Another insidious condition that drains us of all that is heartening is the murkiness of harboring resentments until they boil into vengeance. Of course, vengeance and spite are not new. Consider this ancient myth. A bee from Mount Hymettus, the queen of the hive, ascends to Olympus to present Jupiter with some honey fresh from her combs. Jupiter, delighted with the offering, promises to give whatever she would ask. She is quick to implore, “Give me, I pray thee, a sting, that if any mortal shall approach to take my honey, I may kill them.” Jupiter is sorely displeased, but can’t refuse his promise. Carefully, he answers the bee, “You shall have your request, but at the peril of your life. For if you use your sting, it shall remain in the wound you make, and then you will die from the loss of it.”

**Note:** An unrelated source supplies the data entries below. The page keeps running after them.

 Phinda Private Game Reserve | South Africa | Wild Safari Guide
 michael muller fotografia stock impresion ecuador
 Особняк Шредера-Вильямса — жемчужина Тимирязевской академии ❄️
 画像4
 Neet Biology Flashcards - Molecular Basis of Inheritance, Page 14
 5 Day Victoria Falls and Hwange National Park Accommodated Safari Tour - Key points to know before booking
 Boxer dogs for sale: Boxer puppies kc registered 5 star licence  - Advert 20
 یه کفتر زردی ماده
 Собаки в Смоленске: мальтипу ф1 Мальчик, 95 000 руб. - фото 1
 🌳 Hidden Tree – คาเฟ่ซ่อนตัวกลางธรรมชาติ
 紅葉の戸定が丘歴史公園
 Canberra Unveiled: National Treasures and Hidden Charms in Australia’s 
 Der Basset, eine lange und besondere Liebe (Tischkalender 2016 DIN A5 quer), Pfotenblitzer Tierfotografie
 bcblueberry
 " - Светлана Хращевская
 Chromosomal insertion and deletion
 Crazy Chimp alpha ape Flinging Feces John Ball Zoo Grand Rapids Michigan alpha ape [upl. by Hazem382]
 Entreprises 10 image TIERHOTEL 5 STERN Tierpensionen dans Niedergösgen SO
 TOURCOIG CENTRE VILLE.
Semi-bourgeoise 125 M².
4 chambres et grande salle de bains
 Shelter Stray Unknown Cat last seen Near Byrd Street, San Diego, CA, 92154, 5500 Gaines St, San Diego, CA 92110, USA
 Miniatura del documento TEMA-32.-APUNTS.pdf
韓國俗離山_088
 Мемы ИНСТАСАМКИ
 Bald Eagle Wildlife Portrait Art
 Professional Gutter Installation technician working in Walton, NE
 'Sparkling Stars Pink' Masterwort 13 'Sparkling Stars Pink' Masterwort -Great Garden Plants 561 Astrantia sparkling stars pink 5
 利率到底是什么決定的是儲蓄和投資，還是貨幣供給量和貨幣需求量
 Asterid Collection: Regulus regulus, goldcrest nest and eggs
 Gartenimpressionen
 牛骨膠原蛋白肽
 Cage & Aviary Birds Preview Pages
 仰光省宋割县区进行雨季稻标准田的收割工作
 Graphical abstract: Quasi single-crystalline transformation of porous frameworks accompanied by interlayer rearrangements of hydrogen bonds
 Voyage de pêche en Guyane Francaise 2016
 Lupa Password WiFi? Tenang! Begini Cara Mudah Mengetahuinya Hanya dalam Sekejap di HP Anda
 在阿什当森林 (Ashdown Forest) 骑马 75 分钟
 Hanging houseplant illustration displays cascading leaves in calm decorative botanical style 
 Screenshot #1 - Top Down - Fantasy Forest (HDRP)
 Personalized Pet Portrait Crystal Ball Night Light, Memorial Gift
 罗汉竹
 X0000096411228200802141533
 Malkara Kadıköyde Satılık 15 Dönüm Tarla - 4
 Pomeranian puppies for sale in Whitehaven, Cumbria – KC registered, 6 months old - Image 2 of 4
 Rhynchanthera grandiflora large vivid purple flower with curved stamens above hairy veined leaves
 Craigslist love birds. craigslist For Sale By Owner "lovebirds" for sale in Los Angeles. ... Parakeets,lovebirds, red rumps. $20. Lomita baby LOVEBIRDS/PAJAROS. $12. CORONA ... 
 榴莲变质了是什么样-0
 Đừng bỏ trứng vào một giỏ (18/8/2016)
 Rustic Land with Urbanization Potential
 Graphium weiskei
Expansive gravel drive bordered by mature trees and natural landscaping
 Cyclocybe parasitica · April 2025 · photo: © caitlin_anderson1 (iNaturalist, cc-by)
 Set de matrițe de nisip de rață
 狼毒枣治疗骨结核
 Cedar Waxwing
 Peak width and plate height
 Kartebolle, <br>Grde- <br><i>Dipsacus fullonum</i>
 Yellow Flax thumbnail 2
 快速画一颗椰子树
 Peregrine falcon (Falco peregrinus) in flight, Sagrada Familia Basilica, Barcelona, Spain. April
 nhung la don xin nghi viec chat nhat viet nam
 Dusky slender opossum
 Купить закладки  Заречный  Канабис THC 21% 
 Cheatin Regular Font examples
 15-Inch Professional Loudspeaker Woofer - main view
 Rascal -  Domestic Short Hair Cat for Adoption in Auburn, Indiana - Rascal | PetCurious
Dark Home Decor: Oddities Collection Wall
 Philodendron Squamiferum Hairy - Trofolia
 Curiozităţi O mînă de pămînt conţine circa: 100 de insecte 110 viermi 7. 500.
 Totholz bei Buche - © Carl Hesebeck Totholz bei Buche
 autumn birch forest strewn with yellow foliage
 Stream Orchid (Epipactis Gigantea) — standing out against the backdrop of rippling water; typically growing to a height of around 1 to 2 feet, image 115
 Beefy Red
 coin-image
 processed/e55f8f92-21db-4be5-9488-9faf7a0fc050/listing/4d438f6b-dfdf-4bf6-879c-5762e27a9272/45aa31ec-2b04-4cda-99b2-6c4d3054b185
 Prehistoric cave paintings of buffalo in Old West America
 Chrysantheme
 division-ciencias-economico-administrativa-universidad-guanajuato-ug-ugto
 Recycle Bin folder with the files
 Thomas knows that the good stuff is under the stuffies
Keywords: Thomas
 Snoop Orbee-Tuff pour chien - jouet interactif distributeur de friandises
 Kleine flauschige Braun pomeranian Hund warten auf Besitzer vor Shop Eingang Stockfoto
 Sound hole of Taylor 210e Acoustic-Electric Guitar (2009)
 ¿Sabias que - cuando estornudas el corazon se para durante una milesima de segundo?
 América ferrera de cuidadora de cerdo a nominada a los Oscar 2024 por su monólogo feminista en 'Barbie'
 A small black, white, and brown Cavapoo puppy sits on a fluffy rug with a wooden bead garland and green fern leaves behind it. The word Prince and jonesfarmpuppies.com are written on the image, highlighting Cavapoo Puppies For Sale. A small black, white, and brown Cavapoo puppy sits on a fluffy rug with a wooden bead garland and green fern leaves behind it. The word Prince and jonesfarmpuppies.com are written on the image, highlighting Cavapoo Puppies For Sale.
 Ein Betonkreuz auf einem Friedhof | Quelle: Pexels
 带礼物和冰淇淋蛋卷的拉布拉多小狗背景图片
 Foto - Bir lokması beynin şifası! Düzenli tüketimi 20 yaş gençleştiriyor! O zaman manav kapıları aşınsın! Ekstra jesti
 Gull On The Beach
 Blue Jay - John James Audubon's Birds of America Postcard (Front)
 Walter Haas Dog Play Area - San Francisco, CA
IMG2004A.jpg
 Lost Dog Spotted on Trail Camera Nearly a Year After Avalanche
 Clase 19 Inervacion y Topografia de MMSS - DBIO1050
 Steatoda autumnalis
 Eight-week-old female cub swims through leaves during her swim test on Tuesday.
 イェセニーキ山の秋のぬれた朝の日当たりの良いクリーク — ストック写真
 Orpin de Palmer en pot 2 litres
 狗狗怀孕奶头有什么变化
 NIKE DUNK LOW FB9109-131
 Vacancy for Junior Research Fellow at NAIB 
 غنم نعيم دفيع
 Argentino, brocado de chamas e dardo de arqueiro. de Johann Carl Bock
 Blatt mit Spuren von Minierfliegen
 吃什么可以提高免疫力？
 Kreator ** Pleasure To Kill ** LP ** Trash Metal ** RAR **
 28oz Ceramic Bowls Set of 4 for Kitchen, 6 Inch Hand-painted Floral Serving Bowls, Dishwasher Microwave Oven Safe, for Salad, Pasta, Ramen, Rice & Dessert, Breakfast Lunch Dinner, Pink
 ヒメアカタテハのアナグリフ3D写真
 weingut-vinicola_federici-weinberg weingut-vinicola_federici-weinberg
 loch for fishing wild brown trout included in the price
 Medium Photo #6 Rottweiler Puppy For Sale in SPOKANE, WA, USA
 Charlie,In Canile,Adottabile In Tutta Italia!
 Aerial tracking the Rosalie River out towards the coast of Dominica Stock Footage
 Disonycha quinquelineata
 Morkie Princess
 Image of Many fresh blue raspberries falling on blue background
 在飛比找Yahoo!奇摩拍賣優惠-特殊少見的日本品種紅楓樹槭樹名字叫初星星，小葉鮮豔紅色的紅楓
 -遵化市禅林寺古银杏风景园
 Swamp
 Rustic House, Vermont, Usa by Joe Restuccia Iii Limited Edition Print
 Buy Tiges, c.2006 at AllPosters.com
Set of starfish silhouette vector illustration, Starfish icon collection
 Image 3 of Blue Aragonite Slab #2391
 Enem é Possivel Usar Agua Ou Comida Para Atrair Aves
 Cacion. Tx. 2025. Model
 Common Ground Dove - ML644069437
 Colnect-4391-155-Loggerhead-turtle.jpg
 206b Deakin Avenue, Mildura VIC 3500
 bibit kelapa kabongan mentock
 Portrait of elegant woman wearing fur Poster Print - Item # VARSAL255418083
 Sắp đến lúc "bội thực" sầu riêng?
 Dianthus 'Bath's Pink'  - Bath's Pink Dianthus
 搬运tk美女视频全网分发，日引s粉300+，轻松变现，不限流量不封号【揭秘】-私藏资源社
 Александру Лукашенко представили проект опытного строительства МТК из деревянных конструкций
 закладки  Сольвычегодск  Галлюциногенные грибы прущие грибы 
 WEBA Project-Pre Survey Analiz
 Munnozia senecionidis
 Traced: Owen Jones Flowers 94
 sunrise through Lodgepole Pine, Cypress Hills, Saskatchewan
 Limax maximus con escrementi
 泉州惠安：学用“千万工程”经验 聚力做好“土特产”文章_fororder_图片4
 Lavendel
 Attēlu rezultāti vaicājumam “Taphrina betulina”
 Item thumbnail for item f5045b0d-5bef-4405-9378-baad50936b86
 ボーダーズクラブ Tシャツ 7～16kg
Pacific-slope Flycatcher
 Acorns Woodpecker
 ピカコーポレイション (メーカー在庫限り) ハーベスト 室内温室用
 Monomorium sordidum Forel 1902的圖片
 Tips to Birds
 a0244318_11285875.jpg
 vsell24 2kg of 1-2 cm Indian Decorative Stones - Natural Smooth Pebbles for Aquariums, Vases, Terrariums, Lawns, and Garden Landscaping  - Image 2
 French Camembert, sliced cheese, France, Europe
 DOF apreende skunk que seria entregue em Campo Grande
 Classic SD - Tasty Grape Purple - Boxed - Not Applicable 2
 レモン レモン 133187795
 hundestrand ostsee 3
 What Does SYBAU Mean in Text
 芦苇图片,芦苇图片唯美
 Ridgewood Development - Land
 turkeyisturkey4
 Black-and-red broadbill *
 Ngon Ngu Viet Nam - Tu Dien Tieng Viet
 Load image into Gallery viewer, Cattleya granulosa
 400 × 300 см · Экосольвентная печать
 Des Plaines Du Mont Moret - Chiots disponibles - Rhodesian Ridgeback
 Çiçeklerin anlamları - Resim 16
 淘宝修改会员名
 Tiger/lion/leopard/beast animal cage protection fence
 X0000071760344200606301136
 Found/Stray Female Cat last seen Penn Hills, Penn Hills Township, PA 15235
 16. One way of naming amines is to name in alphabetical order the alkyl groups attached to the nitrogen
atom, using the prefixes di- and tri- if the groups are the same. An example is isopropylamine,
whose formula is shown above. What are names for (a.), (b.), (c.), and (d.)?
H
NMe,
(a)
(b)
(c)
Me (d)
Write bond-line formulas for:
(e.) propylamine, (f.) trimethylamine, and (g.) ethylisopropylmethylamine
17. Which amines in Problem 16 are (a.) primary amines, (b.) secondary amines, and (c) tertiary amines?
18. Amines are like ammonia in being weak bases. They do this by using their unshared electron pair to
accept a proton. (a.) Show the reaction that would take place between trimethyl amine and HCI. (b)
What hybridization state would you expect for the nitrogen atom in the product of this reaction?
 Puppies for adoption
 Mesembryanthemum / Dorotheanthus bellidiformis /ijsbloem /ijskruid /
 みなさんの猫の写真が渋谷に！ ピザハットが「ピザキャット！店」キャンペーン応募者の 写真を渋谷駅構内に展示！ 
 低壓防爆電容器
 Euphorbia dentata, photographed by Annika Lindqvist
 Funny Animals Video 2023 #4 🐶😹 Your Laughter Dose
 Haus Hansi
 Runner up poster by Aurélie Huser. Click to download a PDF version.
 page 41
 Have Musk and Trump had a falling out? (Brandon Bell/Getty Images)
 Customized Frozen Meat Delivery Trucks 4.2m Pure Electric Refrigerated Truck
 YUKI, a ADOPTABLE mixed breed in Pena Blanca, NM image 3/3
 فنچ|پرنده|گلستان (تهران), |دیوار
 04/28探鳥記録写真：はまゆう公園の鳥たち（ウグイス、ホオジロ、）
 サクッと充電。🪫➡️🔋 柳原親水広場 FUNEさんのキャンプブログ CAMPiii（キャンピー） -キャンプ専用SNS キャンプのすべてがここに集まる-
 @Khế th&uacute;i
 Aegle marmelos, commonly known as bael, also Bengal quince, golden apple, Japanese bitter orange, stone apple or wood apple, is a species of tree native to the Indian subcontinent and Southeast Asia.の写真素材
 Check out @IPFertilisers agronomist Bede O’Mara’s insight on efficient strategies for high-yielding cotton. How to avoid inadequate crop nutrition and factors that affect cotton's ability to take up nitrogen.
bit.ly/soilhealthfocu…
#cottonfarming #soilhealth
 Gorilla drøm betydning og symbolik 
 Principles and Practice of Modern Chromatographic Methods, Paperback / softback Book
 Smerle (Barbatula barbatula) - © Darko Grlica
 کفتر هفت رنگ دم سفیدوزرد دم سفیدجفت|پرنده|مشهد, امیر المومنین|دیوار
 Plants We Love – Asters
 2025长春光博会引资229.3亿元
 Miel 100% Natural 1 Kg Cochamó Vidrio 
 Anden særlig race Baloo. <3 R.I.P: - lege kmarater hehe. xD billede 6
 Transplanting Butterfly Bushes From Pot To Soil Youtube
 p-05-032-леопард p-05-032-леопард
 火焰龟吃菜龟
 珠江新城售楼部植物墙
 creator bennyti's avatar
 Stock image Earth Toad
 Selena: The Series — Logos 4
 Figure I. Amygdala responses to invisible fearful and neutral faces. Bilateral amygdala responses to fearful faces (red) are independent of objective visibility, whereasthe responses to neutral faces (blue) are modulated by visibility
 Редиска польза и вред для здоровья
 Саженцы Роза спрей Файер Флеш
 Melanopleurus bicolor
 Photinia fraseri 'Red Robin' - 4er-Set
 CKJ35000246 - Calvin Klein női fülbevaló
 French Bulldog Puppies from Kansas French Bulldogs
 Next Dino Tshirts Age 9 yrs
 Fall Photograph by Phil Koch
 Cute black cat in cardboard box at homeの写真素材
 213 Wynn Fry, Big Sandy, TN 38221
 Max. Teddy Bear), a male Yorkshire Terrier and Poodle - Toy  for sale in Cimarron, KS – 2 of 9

This small but potent tale offers many choices. At what point do we consider the honey we make ours and when do we accept it as a gift that comes through our labor of being? If we think the honey ours, then like the queen of the hive, we can become obsessed with hoarding it and protecting it. If we accept the honey as a gift, then we’re a carrier of a sweetness whose purpose is to be given. And what does this tale say of promises? Does Jupiter make his promise too soon? Is his trust in the queen of the hive misplaced? Though his deep cleverness reveals a truism about the cost of spite, which is more important: keeping his promise or keeping his response to the queen of the hive authentic? Different lives unfold from these choices. Not just among the gods, but in our ordinary lives.

Throughout history, the queen of the hive has taken many incarnations, both female and male. In truth, the bee from Hymettus possesses us each time we let the bottom of our hurt define the world. Then the law of spite will plague us. For whenever we let our sting remain in the wound, a part of us dies to life.

A Question to Walk With: What is your relationship to the honey, the sweetness you carry as a person, and what is your relationship to the stinger you carry?